The report gives percent changes in simple annualized rates, also known as a continuously compounded annualized rate of change.
You'll see headlines blaring consumer credit soars and is the highest increase in a decade and so on. The truth is, at simple annualized rates, consumer credit increased almost to this level in the last 10 years. Consumer credit, annualized, increased 9.3%, in September 2004, 9.2% in October 2004, 9.2% in February 2002 and 18.2% in November 2001. Below is the graph of the monthly annualized percentage changes in consumer credit going back to 1980.
Overall consumer credit increased $20.4 billion dollars to $2477.7 billion. Revolving credit increased $5.6 billion while non-revolving increased $14.8 billion. Revolving credit are things like credit cards and non-revolving are things like auto loans and student loans. Mortgages are not included in this report.
From the above graph we can see outstanding consumer credit drops correlate to recessions. This report does not include charge offs and delinquencies. While credit card charge offs increased 17 basis points in November, credit card delinquencies hit an all time low. Below is total consumer credit.
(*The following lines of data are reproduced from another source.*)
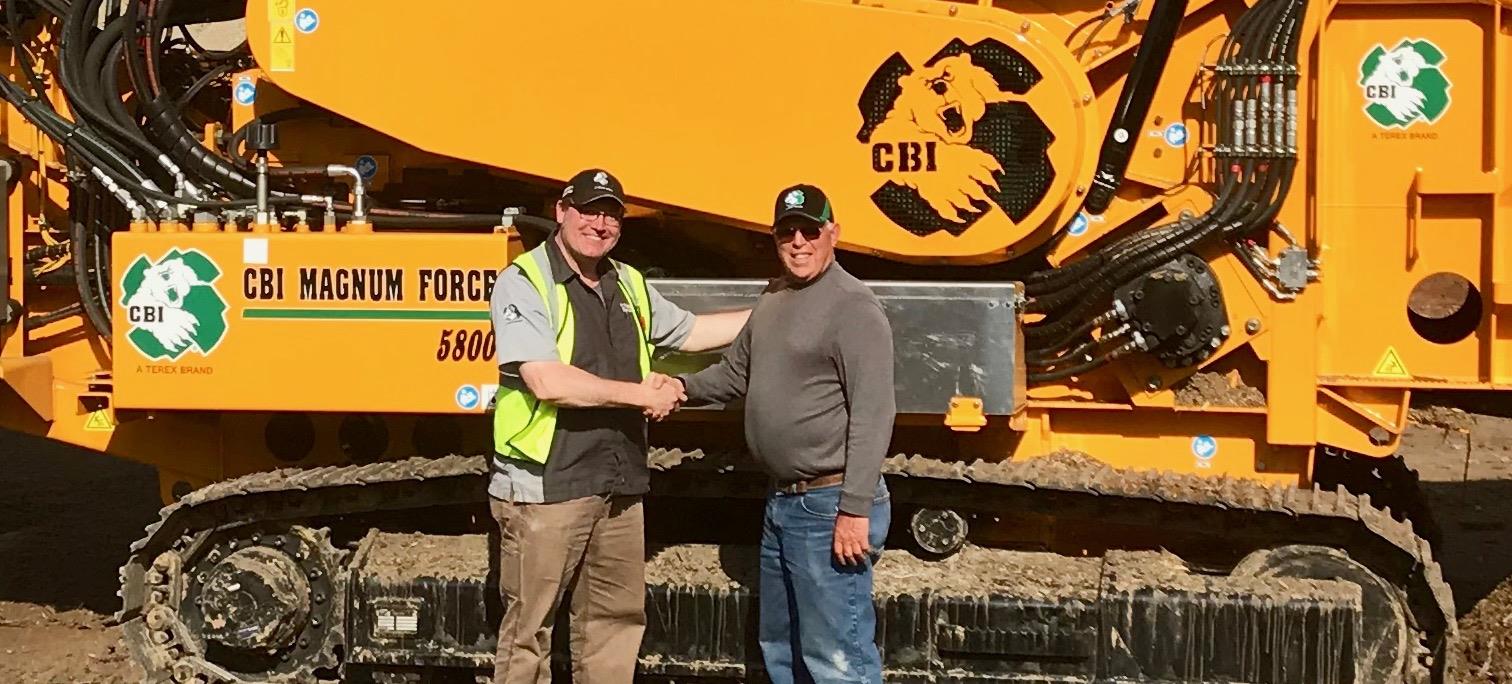 CBI 5800BT grinder in Massachusetts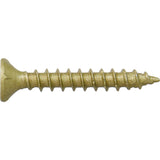HILLMAN Power Pro No. 6 Ga. X 1 in. L Star Flat Head Coarse Multi-Material Screws, Pack of 5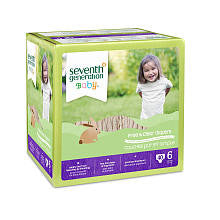 Seventh Generation Free &  Clear Diapers Size 6 - 40 Count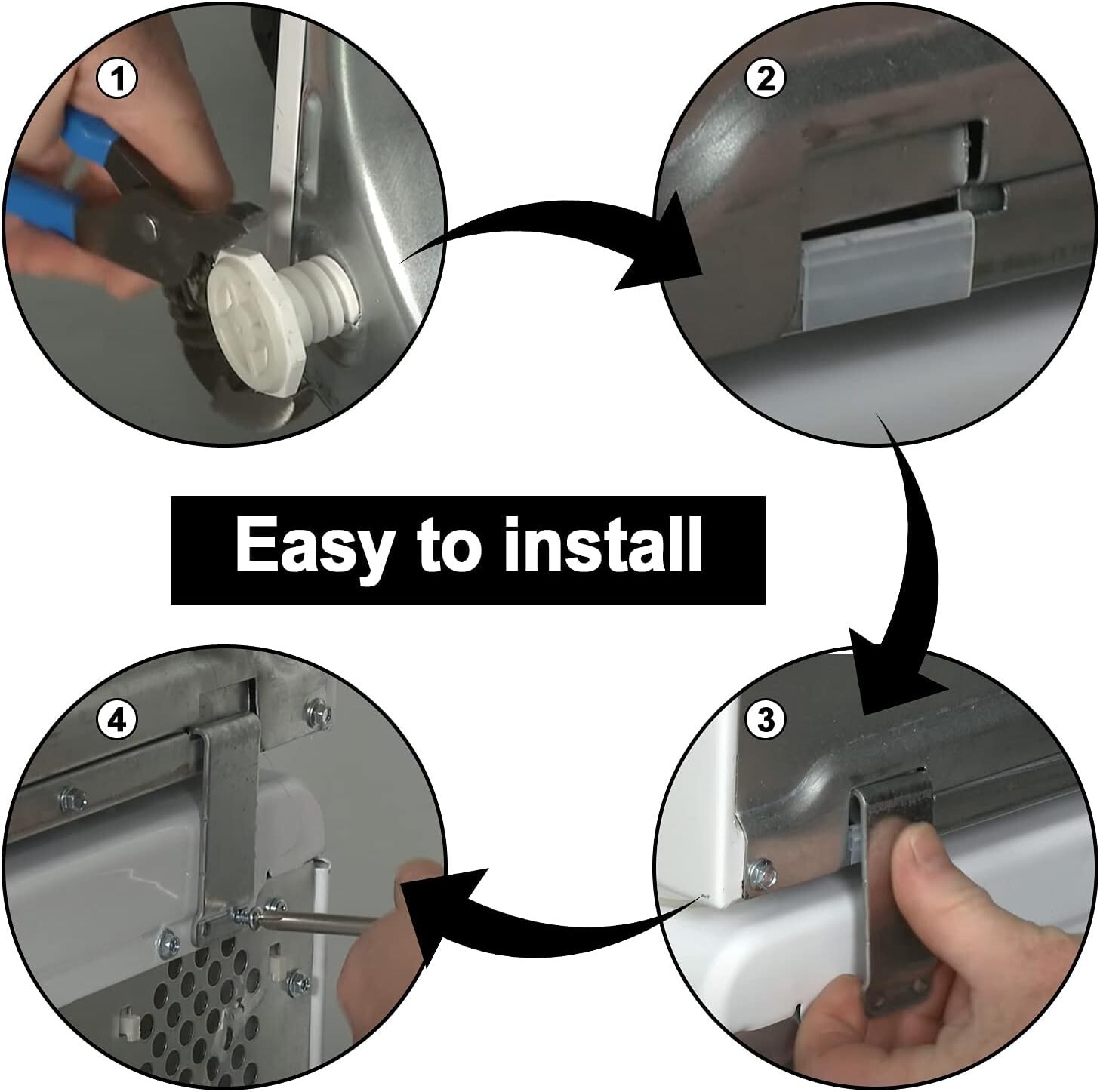 For Whirlpool Dryer Stacking Kit W10869845 W10298318RP AP6047938 PS3407625 gallery
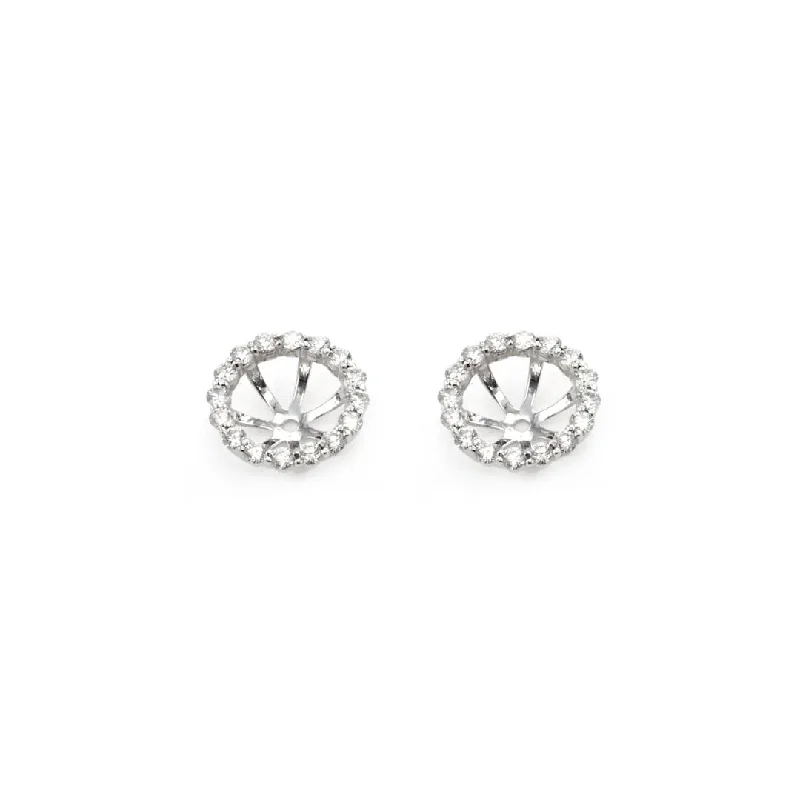 Wide hoop earrings-0.95 ctw Diamond Earring Jackets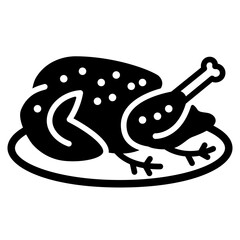 Roast Turkey Icon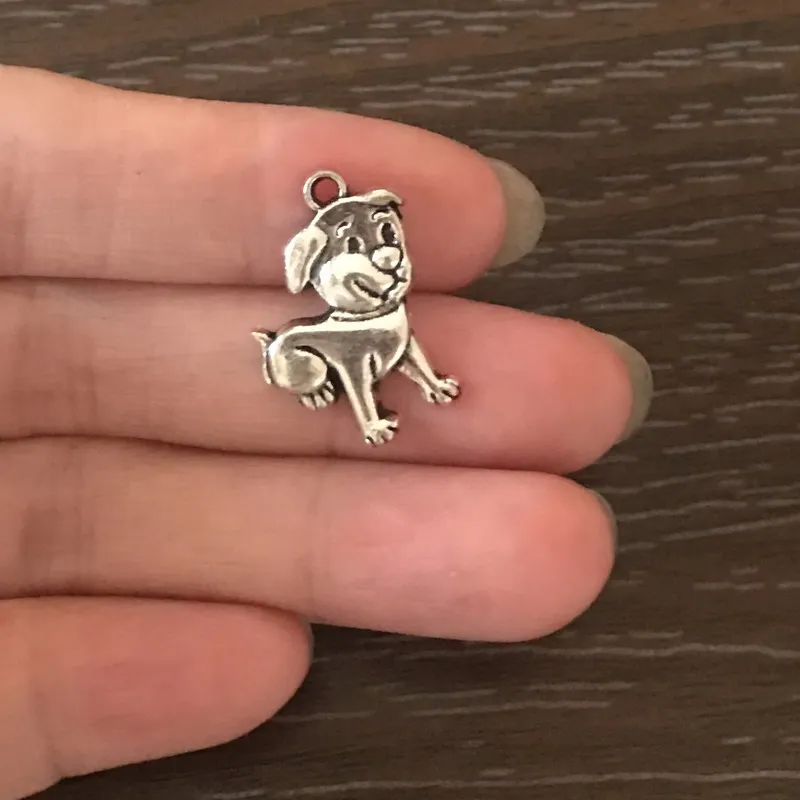 

12PCS DIY Jewelry Making Pet Dog Charms Zinc Alloy Dog Pendant Charm for Bracelet Necklaces Earrings Bookmarks Zipper Pulls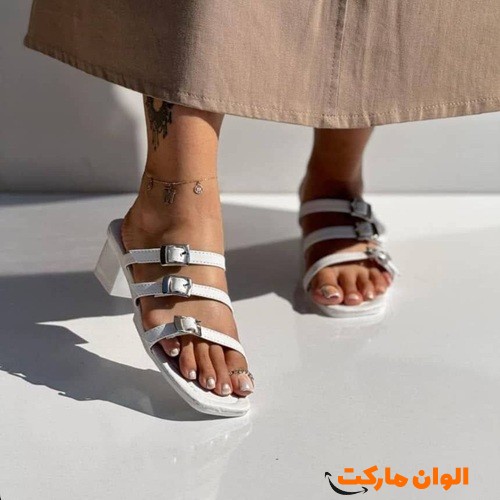 پخش-عمده-صندل-زنانه-سه-سگک-پاشنه-۳-سانت-مدل-جدید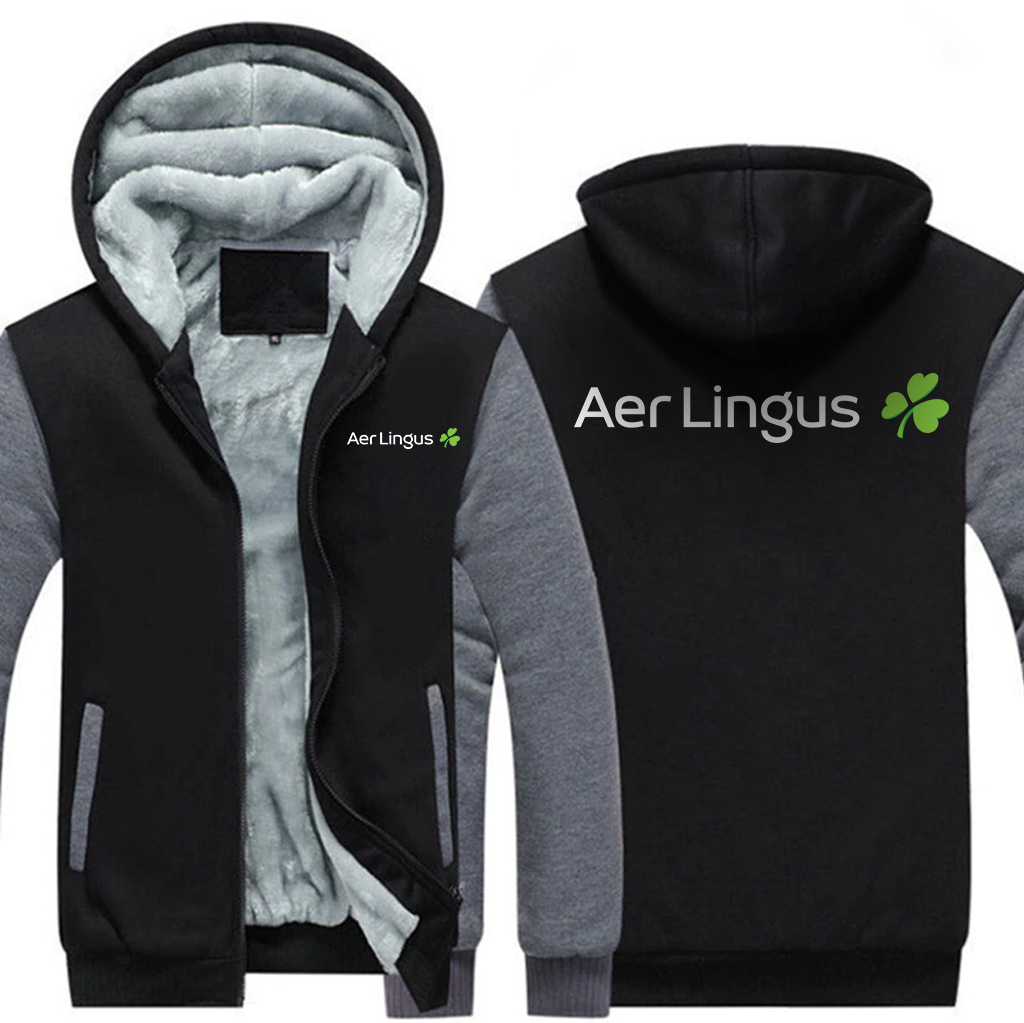 LINGUS AIRLINES  JACKETS FLEECE SWEATSHIRT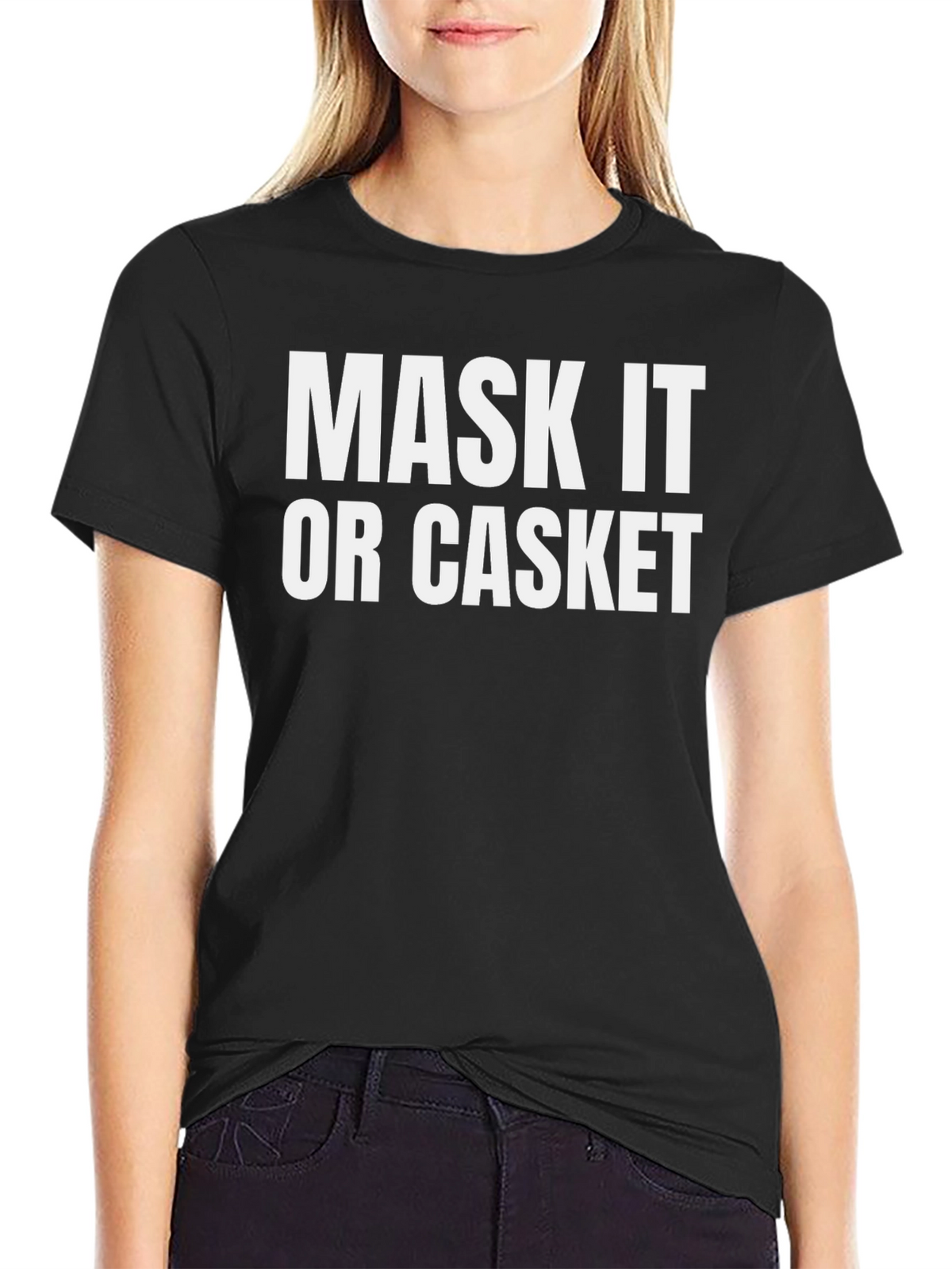 Mask It or Casket Graphic Tee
The increase was in large part due to student loans. Tuition has soared this fall, 8.3% at public colleges alone. The federal government started making 100% of guaranteed student loans in July 2010. Federal Government non-revolving credit, which includes these student loans, increased $6.4 billion from October to November. People went more into debt, clearly, to pay for the soaring, absurdly high, educational costs. These are aggregates, but it's doubtful that the U.S. population entering into college is directly proportional to these increases.
Below is non-revolving credit, seasonally adjusted, annualized percentage change.
Revolving credit, think credit cards, are also up for November. Commercial banks alone increased revolving credit by $8.8 billion. Here comes charge it.
Below is revolving credit, raw totals. Charge offs are not included in this report. These numbers are seasonally adjusted.
Other press claimed the increase is due to a better economy. Sorry folks, people don't go into more debt unless they have to, although offering up more debt implies banks think people can pay it back.